## What the task asks
In the listing below, find the line containing "3 Piece Sectional Grey Velvet Couch" and the line containing "Log an activity: a". Repeat exactly those two lines and every line between them, nothing more.

## Given data
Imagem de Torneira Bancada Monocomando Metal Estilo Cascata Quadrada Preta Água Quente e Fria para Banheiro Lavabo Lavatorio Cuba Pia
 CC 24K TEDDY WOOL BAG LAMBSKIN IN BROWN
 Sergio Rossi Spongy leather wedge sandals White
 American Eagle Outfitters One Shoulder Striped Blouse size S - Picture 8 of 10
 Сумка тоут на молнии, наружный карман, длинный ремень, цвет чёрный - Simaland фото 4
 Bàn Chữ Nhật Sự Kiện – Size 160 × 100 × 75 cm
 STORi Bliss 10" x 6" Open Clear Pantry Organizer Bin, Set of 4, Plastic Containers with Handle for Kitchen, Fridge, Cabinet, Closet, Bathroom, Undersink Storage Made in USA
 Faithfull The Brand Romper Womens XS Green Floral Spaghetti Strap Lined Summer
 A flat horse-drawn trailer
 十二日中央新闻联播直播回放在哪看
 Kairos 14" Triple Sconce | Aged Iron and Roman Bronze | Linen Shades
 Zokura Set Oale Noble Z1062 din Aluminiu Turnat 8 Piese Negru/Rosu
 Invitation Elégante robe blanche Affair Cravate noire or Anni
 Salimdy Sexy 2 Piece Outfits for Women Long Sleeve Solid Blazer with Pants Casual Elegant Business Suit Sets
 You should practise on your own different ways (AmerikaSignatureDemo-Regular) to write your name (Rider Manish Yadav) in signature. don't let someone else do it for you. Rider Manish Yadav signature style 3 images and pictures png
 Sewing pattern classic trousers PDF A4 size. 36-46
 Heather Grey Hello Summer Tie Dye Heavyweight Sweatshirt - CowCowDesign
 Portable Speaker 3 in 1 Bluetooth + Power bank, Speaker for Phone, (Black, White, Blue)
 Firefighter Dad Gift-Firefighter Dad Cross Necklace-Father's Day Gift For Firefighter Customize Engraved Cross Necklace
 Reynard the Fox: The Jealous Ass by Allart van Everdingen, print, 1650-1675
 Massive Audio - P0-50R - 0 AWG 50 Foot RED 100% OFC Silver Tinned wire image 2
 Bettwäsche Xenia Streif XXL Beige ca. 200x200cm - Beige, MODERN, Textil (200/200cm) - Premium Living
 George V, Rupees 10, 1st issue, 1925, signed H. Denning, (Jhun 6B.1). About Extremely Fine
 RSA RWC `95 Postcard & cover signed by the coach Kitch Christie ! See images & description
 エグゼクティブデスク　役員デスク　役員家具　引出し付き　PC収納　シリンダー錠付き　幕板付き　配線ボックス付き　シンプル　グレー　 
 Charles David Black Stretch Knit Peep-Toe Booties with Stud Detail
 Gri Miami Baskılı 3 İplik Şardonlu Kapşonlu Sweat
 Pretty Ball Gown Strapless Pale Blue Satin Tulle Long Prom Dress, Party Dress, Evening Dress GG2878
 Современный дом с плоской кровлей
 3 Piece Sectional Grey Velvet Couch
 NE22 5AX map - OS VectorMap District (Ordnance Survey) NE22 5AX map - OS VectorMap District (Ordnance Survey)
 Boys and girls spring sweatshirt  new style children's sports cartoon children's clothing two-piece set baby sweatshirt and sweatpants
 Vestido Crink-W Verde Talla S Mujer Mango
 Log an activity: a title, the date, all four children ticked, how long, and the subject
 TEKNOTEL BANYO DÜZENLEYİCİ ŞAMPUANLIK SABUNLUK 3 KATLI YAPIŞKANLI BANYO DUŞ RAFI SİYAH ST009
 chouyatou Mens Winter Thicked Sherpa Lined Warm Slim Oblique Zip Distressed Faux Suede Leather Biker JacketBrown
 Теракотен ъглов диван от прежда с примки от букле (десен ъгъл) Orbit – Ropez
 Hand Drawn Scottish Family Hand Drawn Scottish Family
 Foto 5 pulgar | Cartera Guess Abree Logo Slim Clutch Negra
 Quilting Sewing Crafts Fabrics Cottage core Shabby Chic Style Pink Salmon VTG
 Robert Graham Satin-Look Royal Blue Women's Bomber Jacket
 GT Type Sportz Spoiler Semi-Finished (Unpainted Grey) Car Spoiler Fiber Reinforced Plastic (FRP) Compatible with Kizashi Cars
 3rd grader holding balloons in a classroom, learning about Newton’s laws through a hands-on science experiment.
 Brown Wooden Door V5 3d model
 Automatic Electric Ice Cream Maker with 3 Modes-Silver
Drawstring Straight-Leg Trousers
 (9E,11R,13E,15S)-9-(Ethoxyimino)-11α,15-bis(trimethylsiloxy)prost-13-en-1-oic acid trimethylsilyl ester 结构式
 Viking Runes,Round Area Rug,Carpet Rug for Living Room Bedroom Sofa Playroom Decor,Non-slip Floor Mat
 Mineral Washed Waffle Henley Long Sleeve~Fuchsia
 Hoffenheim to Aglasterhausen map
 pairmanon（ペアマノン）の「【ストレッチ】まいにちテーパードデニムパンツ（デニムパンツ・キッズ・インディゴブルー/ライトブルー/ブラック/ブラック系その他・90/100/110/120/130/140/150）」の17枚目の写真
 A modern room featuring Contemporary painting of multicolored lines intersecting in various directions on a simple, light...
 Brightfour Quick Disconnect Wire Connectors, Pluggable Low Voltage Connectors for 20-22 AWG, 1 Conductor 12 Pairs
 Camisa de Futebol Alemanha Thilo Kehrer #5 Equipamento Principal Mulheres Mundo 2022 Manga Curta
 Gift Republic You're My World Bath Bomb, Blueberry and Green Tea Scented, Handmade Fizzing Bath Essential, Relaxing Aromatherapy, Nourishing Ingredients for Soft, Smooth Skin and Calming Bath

## Finished task
 3 Piece Sectional Grey Velvet Couch
 NE22 5AX map - OS VectorMap District (Ordnance Survey) NE22 5AX map - OS VectorMap District (Ordnance Survey)
 Boys and girls spring sweatshirt  new style children's sports cartoon children's clothing two-piece set baby sweatshirt and sweatpants
 Vestido Crink-W Verde Talla S Mujer Mango
 Log an activity: a title, the date, all four children ticked, how long, and the subject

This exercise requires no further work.